(Problem to solve) Copy the records below exactly, from the line containing "這些商品被暫扣，并根據(jù)鑒定情況對(duì)販賣者依法處罰。 記者 閆化莊" through the last line, and leave out every picture.

*** Opening Provided records ***

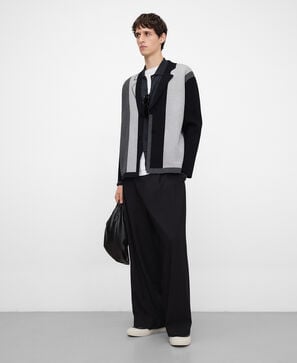 Blazer asim&eacute;trica punto intarsia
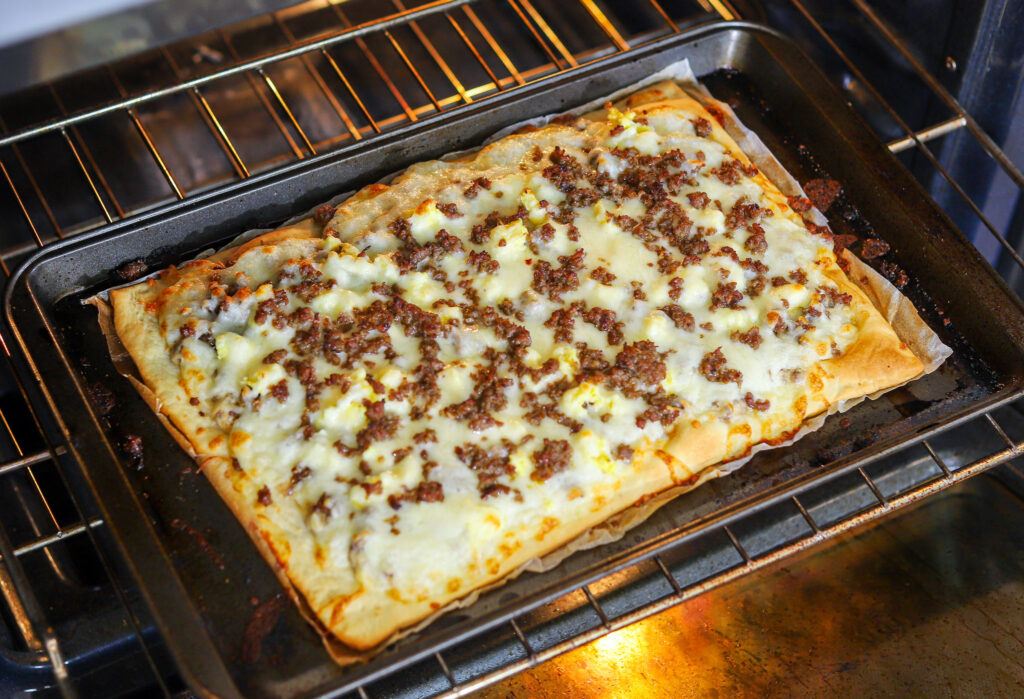 sausage gravy breakfast pizza with mozzarella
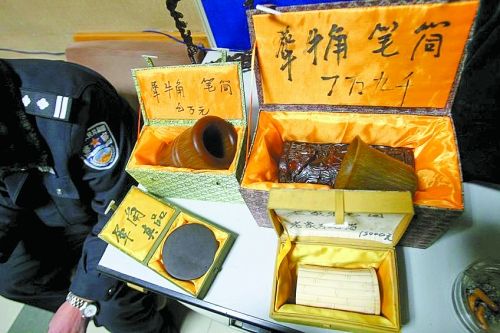 這些商品被暫扣，并根據(jù)鑒定情況對(duì)販賣者依法處罰。 記者 閆化莊 攝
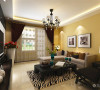 浅咖色沙发让客厅显得更加温馨，与浅色的地砖相呼应，加上深色的家具显得空间拥有层次感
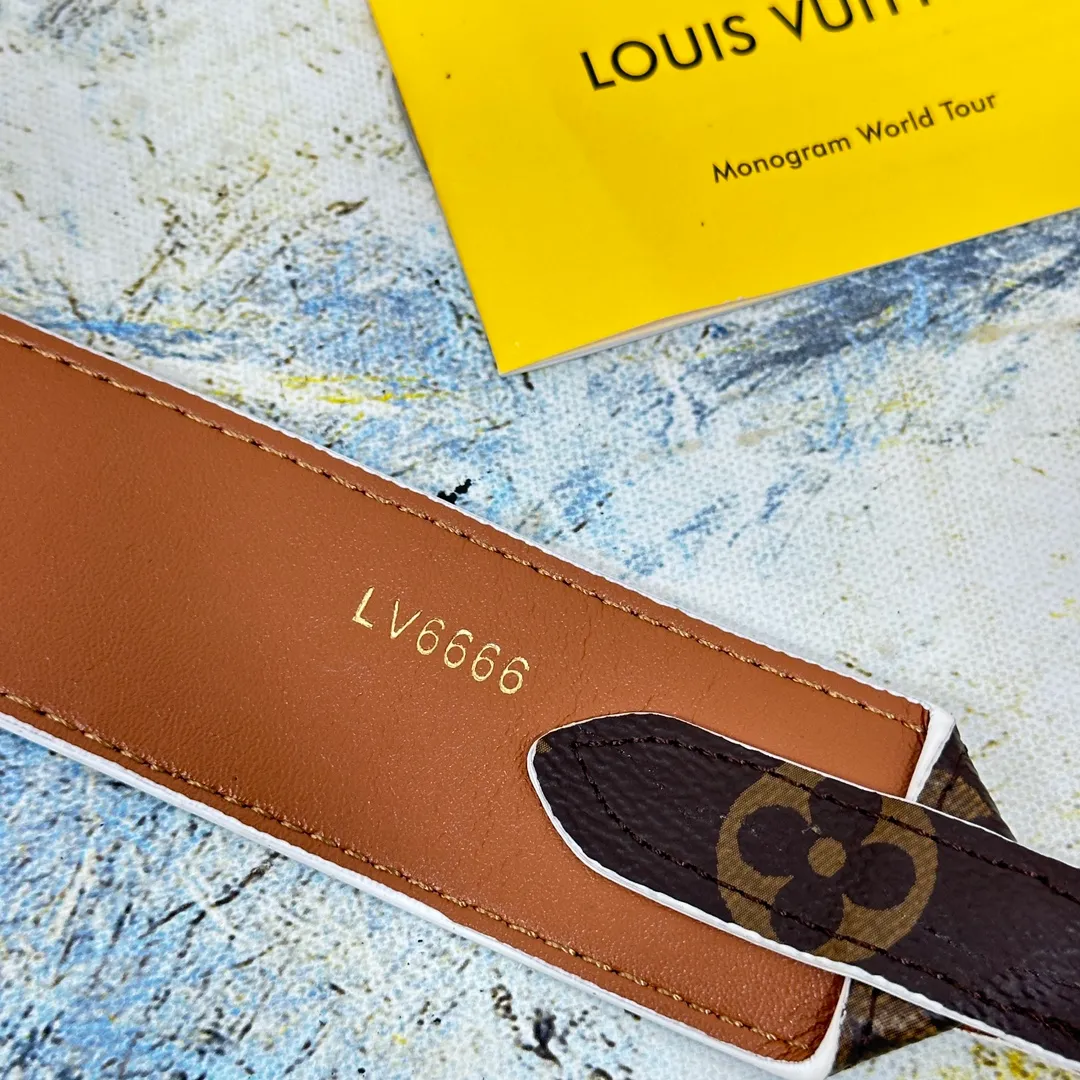 💰96 💎Top original super versatile MONOGRAM shoulder strap J02330 is made of Monogram canvas fabric and lined with stunning Rose Poudre Nappa leather. This shoulder strap is the best choice for creating a personal Louis Vuitton bag. Novel and versatile: super practical spring buckle design, easy to connect and remove. 90.0 x 4.0 x 0.2 cm (Length x Height x Width) - Monogram coated canvas - Nappa leather lining - Gold-tone hardware - 2 spring buckles - 2 Moroccan leather loops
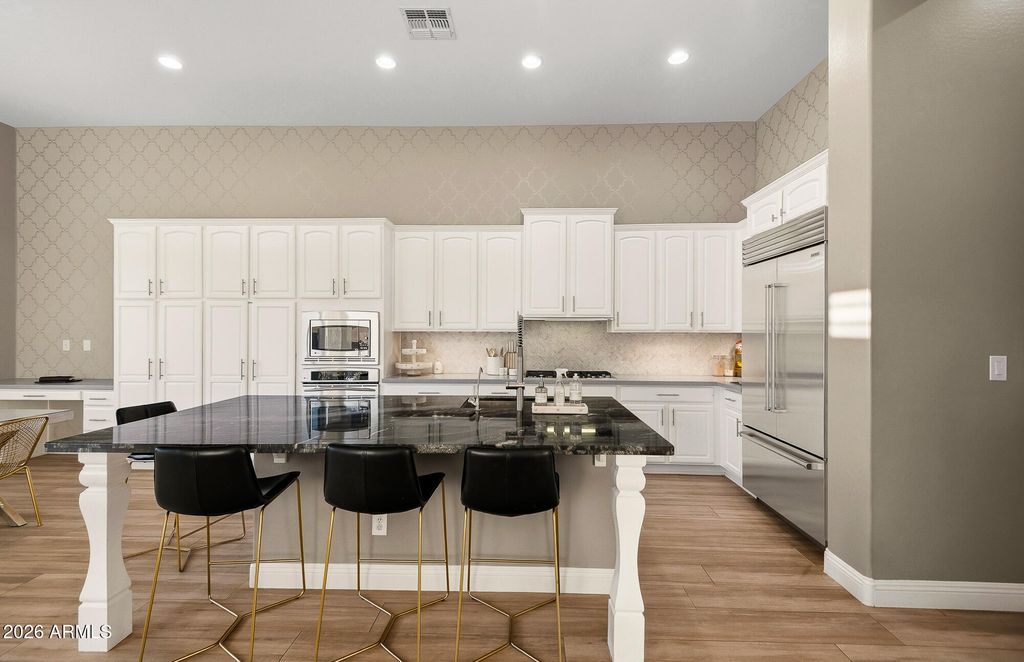 Image 18 of property listing at 1529 W LAUREL GREENS Court, Phoenix, AZ 85086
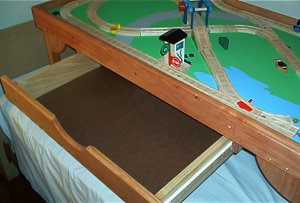 traintable2.jpg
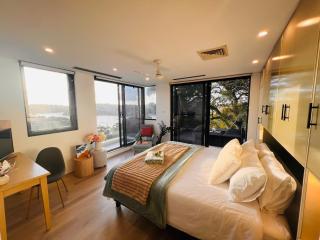 6BR Stunning Waterview & Private Pool - Sydney - 2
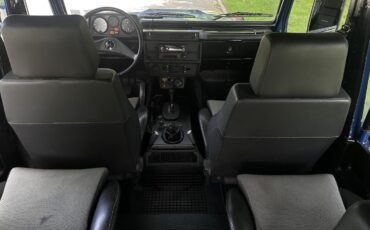 Mercedes-Benz-G-Wagon-1990-21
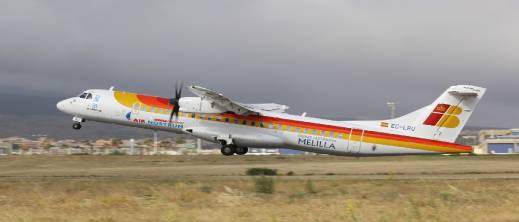 ثلاثة أيام متتالية.. الضباب يعزل مليلية جوا ويشعل الجدل حول جاهزية المطار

*** Closing Provided records ***

(Reply)
 這些商品被暫扣，并根據(jù)鑒定情況對(duì)販賣者依法處罰。 記者 閆化莊 攝
 浅咖色沙发让客厅显得更加温馨，与浅色的地砖相呼应，加上深色的家具显得空间拥有层次感
 💰96 💎Top original super versatile MONOGRAM shoulder strap J02330 is made of Monogram canvas fabric and lined with stunning Rose Poudre Nappa leather. This shoulder strap is the best choice for creating a personal Louis Vuitton bag. Novel and versatile: super practical spring buckle design, easy to connect and remove. 90.0 x 4.0 x 0.2 cm (Length x Height x Width) - Monogram coated canvas - Nappa leather lining - Gold-tone hardware - 2 spring buckles - 2 Moroccan leather loops
 Image 18 of property listing at 1529 W LAUREL GREENS Court, Phoenix, AZ 85086
 traintable2.jpg
 6BR Stunning Waterview & Private Pool - Sydney - 2
 Mercedes-Benz-G-Wagon-1990-21
 ثلاثة أيام متتالية.. الضباب يعزل مليلية جوا ويشعل الجدل حول جاهزية المطار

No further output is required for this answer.